Máquina do tempo
“ Jornalista perdido”
O automóvel seguia lentamente pela avenida, atravessando a grande e barulhenta cidade. Sentado no banco de trás, eu o ouvia:
Disse que tinha “60 anos de existência” e que no sábado sentará a frente do computador para fazer uma pesquisa. Começou a relembrar da juventude, época em que cursou a faculdade de comunicação: opção jornalismo. Naquele tempo - mostrando certo entusiasmo na voz - ele contou que, com muita força de vontade, estudava e lia muitos livros, e se via como escritor. “Visão errônea da profissão”, afirmou. Hoje, fazendo um curso de atualização, descobriu a verdadeira função de um jornalista, que consiste, antes de tudo, em pesquisa! E “muita...”

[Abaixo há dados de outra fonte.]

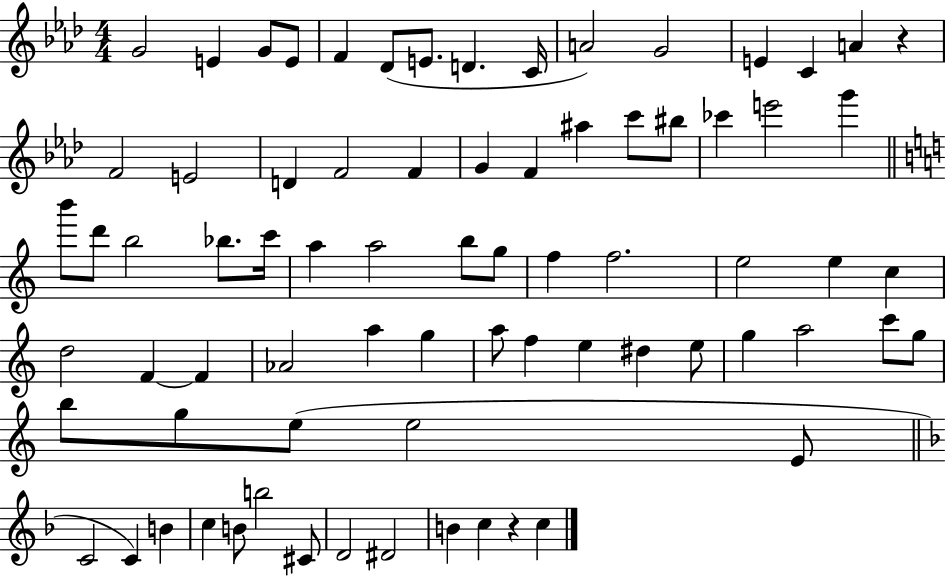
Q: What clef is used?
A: treble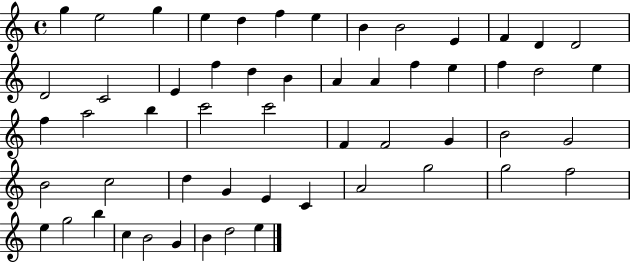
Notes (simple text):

G5/q E5/h G5/q E5/q D5/q F5/q E5/q B4/q B4/h E4/q F4/q D4/q D4/h D4/h C4/h E4/q F5/q D5/q B4/q A4/q A4/q F5/q E5/q F5/q D5/h E5/q F5/q A5/h B5/q C6/h C6/h F4/q F4/h G4/q B4/h G4/h B4/h C5/h D5/q G4/q E4/q C4/q A4/h G5/h G5/h F5/h E5/q G5/h B5/q C5/q B4/h G4/q B4/q D5/h E5/q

Ele precisava escrever uma matéria sobre qualquer assunto, aplicando o que estava recordando em aula, para o professor do curso. Disse que clicando no Google com a intenção de descobrir uma pauta,, surgiam dados sobre econômia, serviços, saúde e entretenimento. E cada possível matéria encontrada já estava escrita por outro jornalista. Senti um tom de tristeza na sua voz rouca. Dirigia com muita calma. “Quantidades, localizações, atualidades, tendências: tudo num simples toque!”, exclamou. Que maravilha. Diferente de sua época quando a escassez de notícias era sem precedentes. Explicou que para se conseguir entrevistar uma fonte, levava-se um gravador enorme ou ia-se munido de papel e conhecimentos de taquigrafia. Outra forma de consulta era a velha enciclopédia Barsa. Hoje com o pequeno aparelho de celular se faz tudo: áudio, vídeo, texto e ainda a edição. E agora ele se perguntava como intensificar de maneira rápida sua atualização. Sentia-se um peixe fora d’água. Mas afirmou com todas as letras “que não desistiria”.

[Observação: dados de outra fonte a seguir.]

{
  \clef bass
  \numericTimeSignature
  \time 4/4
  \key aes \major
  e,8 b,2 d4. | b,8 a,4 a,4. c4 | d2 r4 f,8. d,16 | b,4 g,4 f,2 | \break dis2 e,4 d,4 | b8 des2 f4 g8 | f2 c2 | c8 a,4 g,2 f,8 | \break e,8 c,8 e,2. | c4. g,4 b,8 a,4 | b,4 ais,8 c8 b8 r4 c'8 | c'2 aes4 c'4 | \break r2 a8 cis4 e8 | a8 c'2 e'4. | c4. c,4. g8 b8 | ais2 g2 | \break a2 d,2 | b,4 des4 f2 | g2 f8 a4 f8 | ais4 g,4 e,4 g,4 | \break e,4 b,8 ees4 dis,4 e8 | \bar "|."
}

Pensou em várias matérias. Escreveria sobre automóveis que não precisam de motoristas; Sobre o metrô sem maquinista; Aviões não tripulados (drones), os shoppings centers e a Netflix (cinema no computador). Coisas atuais. Mas tudo já estava escrito no simples, e ao mesmo tempo complexo, mundo da internet. Parecia não haver espaço para (se cobrir, por) um novo jornalista.

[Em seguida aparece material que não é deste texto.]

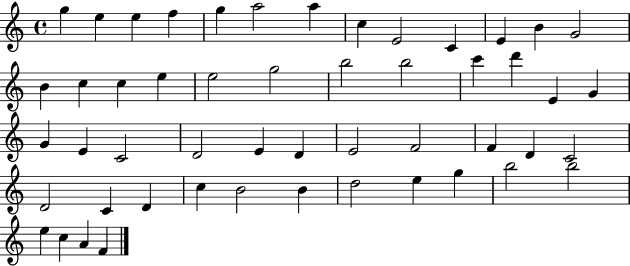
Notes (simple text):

Precisava de um caminho, e múltiplas possibilidades apareciam na tela do computador, mas não conseguia desenvolvê -las. Tudo parecia noticiado por outros profissionais. Pensou por vários minutos, e a página continuava em branco. “Será que pegar dados na internet é plágio?”, indagou. Acho que não. Se for público, é para o uso comum. De súbito aumentou o volume da voz e disse que tomara uma decisão: sua matéria seria sobre um filme que tinha assistido. Assim faria o trabalho solicitado sem correr o risco plagiar ninguém. Num tom mais forte desabafou: “Só saberei se vou conseguir ser jornalista tentando. Tentarei! Mas que me sinto novamente com energia, me sinto. Cada ser humano é diferente, então por mais engessado que eu esteja na profissão, eu colocarei meu toque pessoal”.
Ele parou o carro e queria continuar falando, mas havia chegado o meu destino. Paguei a corrida e apertei sua mão com um “não desista, e que Deus lhe acompanhe amigo”...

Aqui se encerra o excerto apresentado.